▶ **PROBLEM STATEMENT**: Would you print the lines below exactly, beginning at the line that has "Fototapeta premium Modern" and stopping after the line that has "Machine à laver"? Only those lines, and no pictures.

▶ **DATA FOR THE TASK**:
_ _ _ _ _
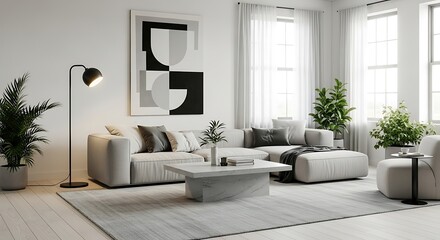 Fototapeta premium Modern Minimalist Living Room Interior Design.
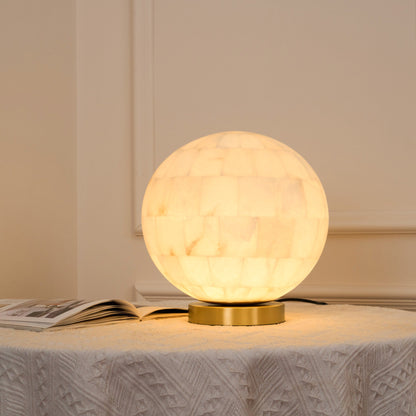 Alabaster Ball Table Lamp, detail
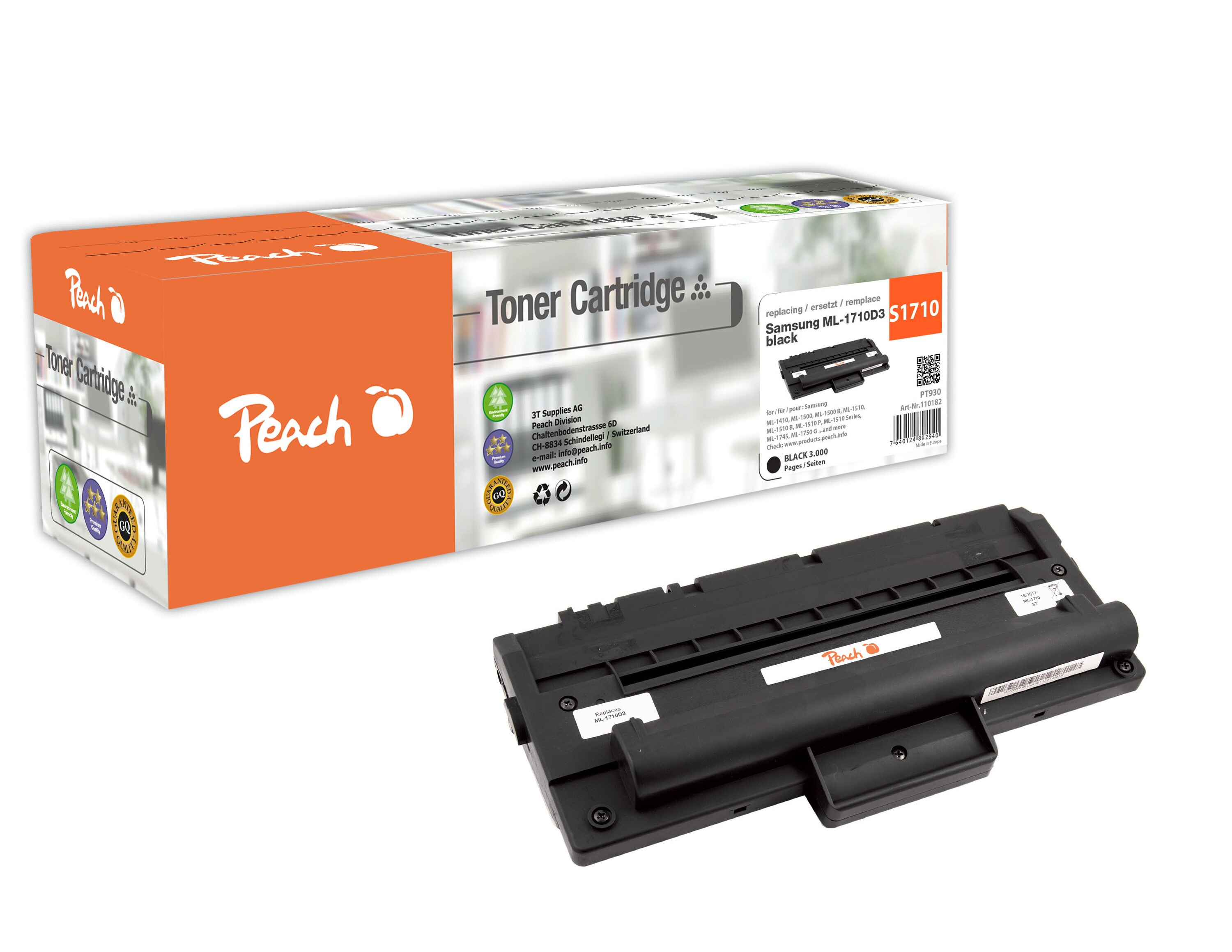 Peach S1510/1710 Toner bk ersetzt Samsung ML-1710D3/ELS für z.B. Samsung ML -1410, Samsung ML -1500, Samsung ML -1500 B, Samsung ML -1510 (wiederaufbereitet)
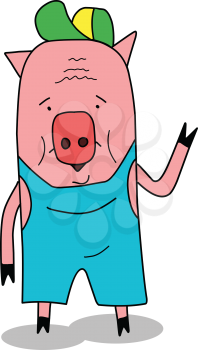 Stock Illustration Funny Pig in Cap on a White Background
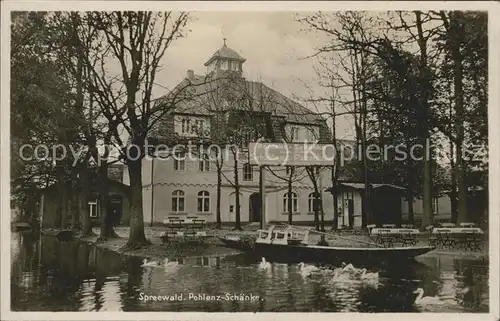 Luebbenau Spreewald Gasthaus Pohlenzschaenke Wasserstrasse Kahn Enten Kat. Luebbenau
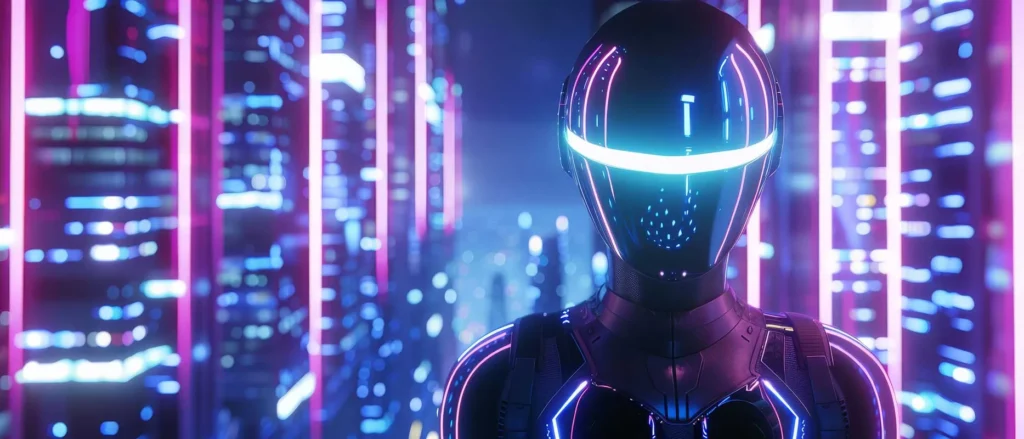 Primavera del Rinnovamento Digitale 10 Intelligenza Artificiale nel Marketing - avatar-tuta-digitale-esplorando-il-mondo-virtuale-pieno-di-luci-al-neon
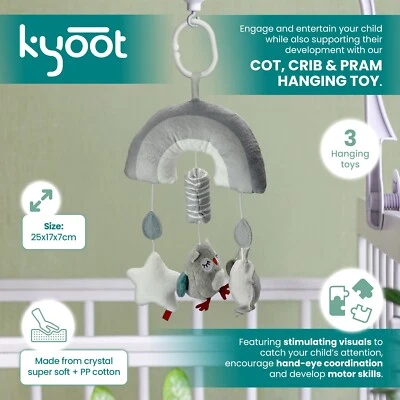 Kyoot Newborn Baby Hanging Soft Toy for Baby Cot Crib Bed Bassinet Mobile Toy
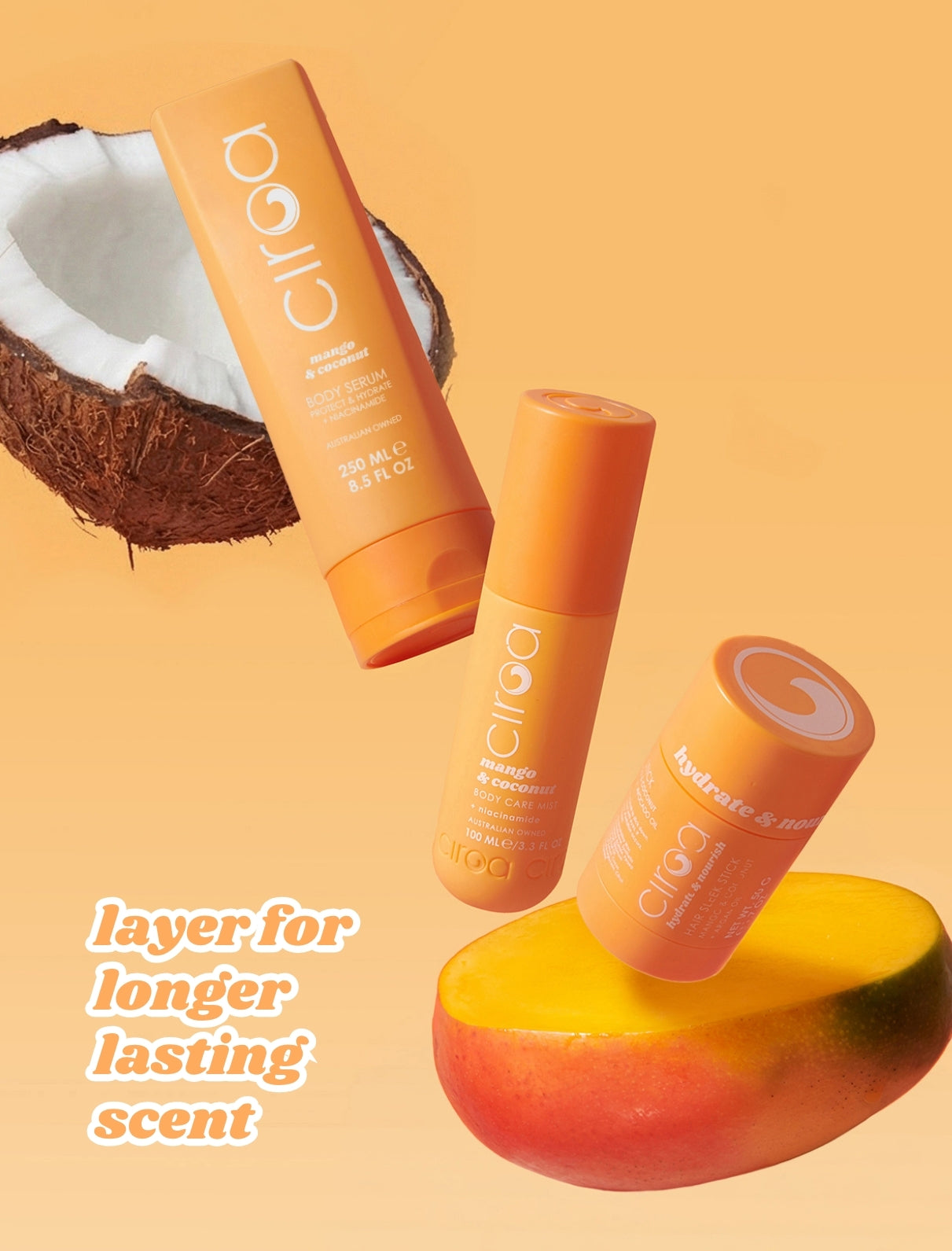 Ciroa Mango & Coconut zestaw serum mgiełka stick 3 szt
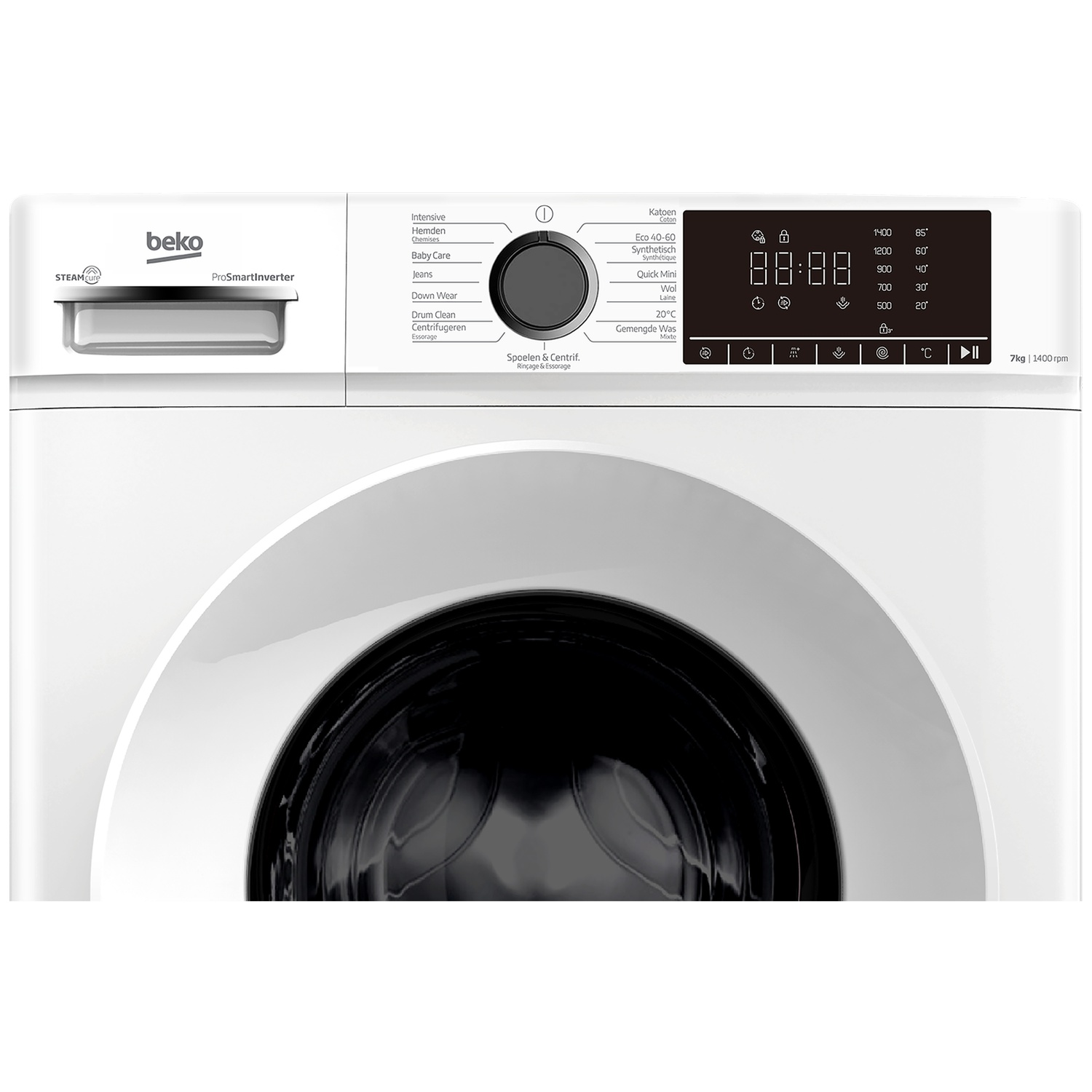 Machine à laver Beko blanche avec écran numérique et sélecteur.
_ _ _ _ _
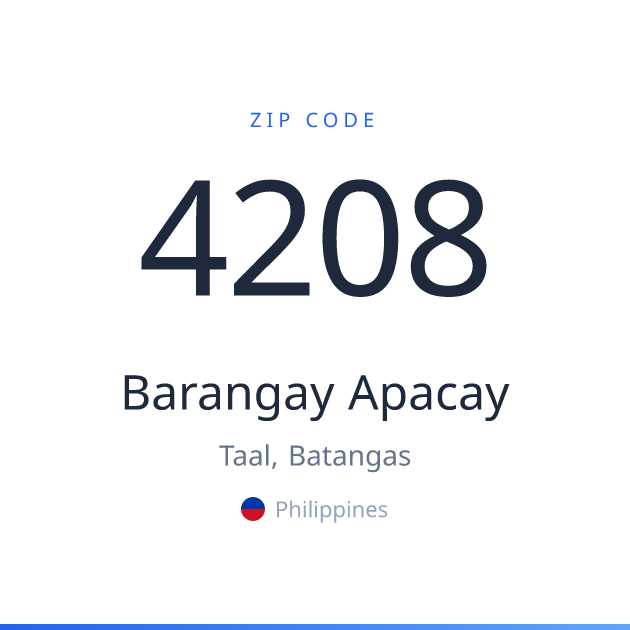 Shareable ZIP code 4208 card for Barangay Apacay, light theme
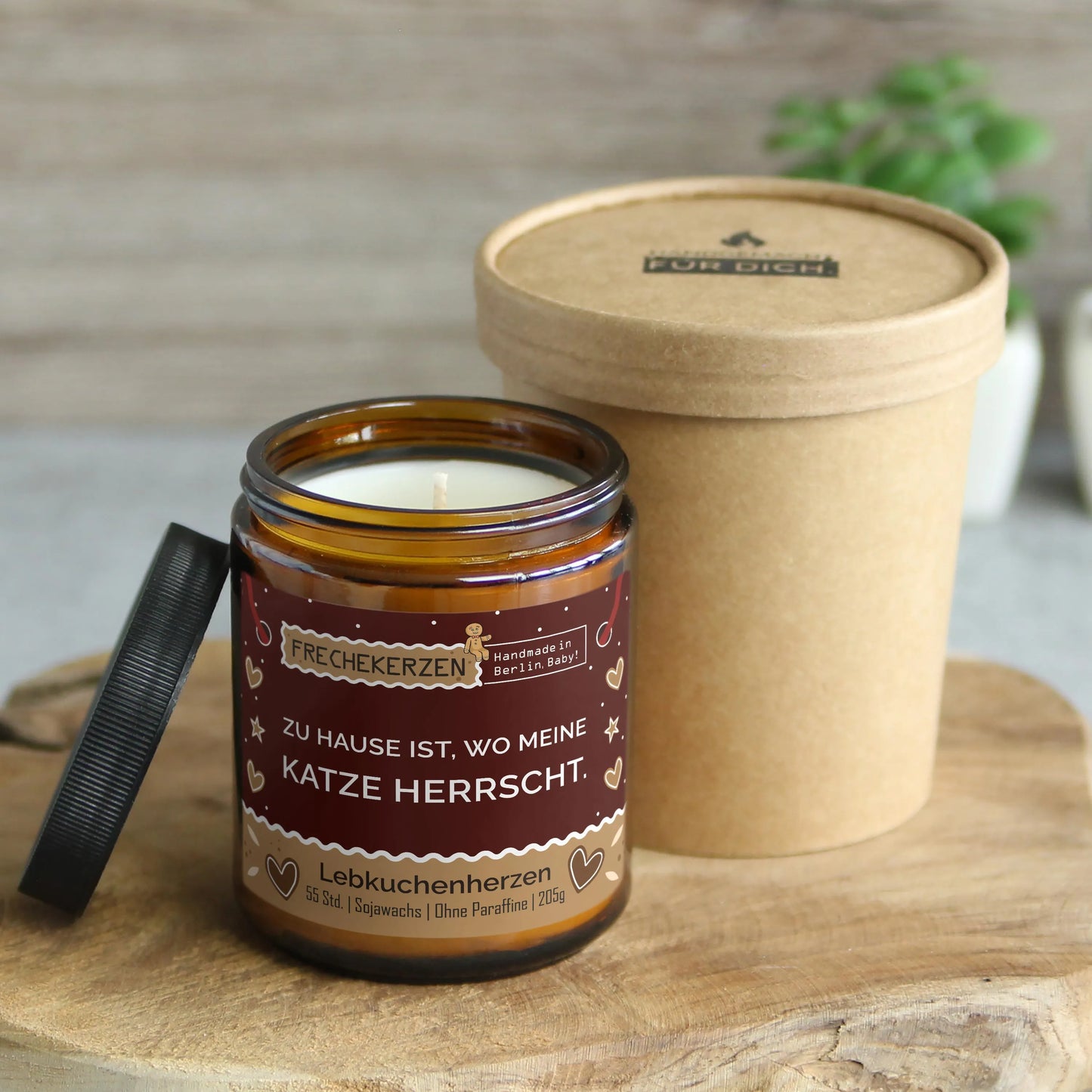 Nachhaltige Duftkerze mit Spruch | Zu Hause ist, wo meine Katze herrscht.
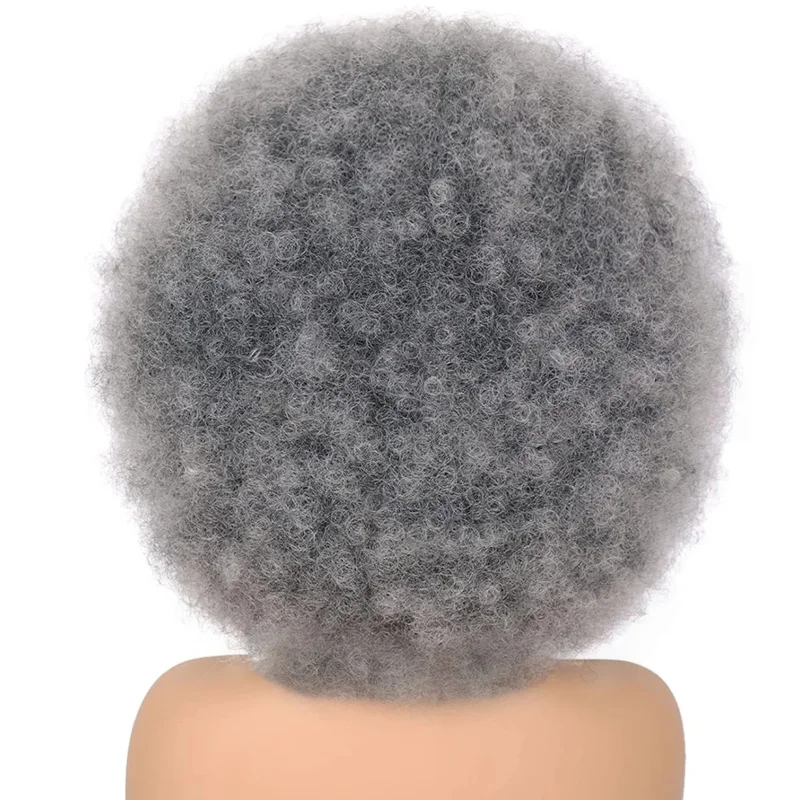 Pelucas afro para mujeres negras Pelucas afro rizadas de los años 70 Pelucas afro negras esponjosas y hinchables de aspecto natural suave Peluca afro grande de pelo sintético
_ _ _ _ _
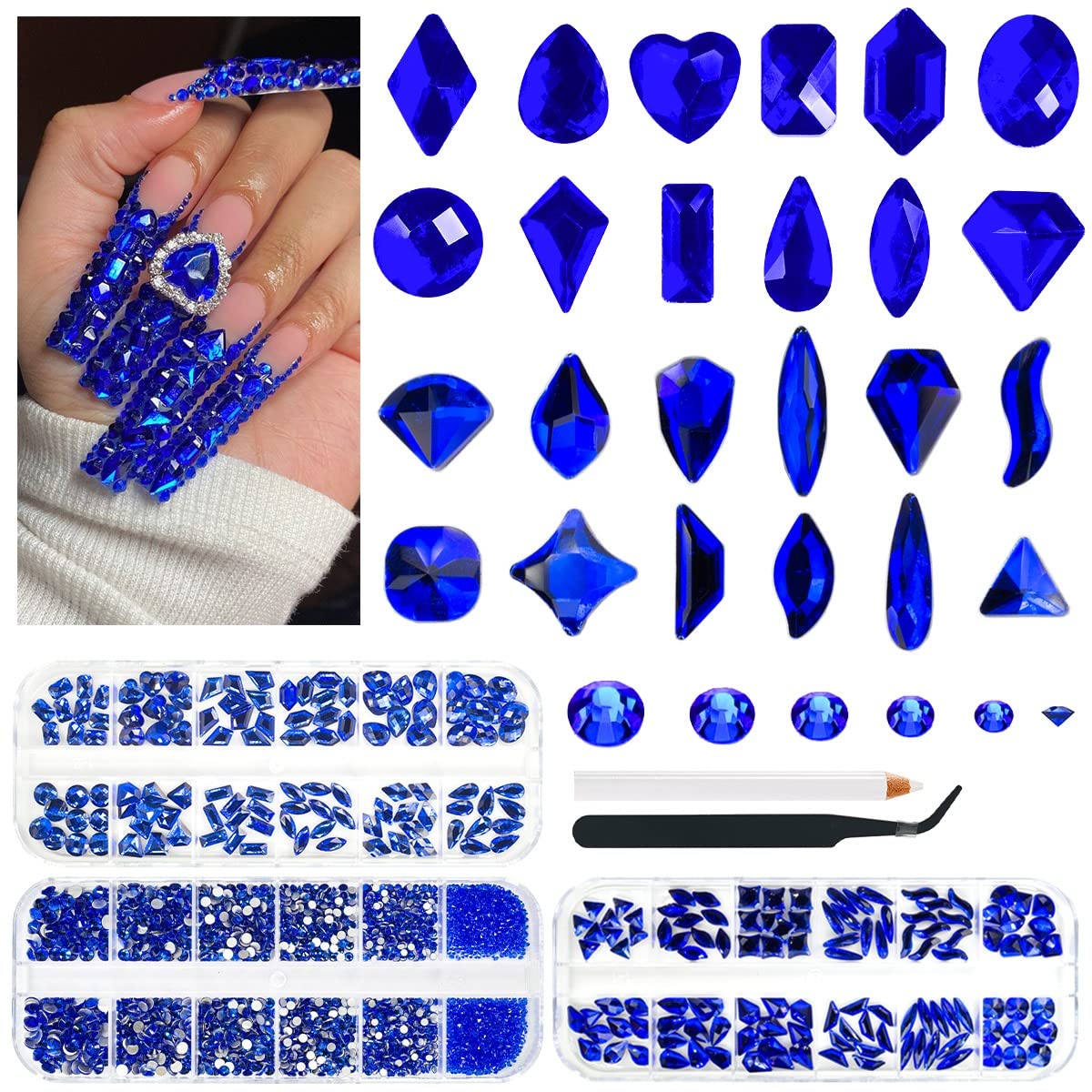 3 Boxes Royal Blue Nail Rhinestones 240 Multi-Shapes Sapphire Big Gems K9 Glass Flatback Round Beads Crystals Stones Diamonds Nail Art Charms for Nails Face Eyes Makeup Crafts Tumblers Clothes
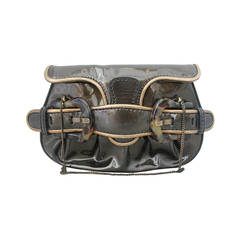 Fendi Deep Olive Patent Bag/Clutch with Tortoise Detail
_ _ _ _ _
▶ **REPLY**:
 Fototapeta premium Modern Minimalist Living Room Interior Design.
 Alabaster Ball Table Lamp, detail
 Peach S1510/1710 Toner bk ersetzt Samsung ML-1710D3/ELS für z.B. Samsung ML -1410, Samsung ML -1500, Samsung ML -1500 B, Samsung ML -1510 (wiederaufbereitet)
 Stock Illustration Funny Pig in Cap on a White Background
 Luebbenau Spreewald Gasthaus Pohlenzschaenke Wasserstrasse Kahn Enten Kat. Luebbenau
 Primavera del Rinnovamento Digitale 10 Intelligenza Artificiale nel Marketing - avatar-tuta-digitale-esplorando-il-mondo-virtuale-pieno-di-luci-al-neon
 Kyoot Newborn Baby Hanging Soft Toy for Baby Cot Crib Bed Bassinet Mobile Toy
 Ciroa Mango & Coconut zestaw serum mgiełka stick 3 szt
 Machine à laver Beko blanche avec écran numérique et sélecteur.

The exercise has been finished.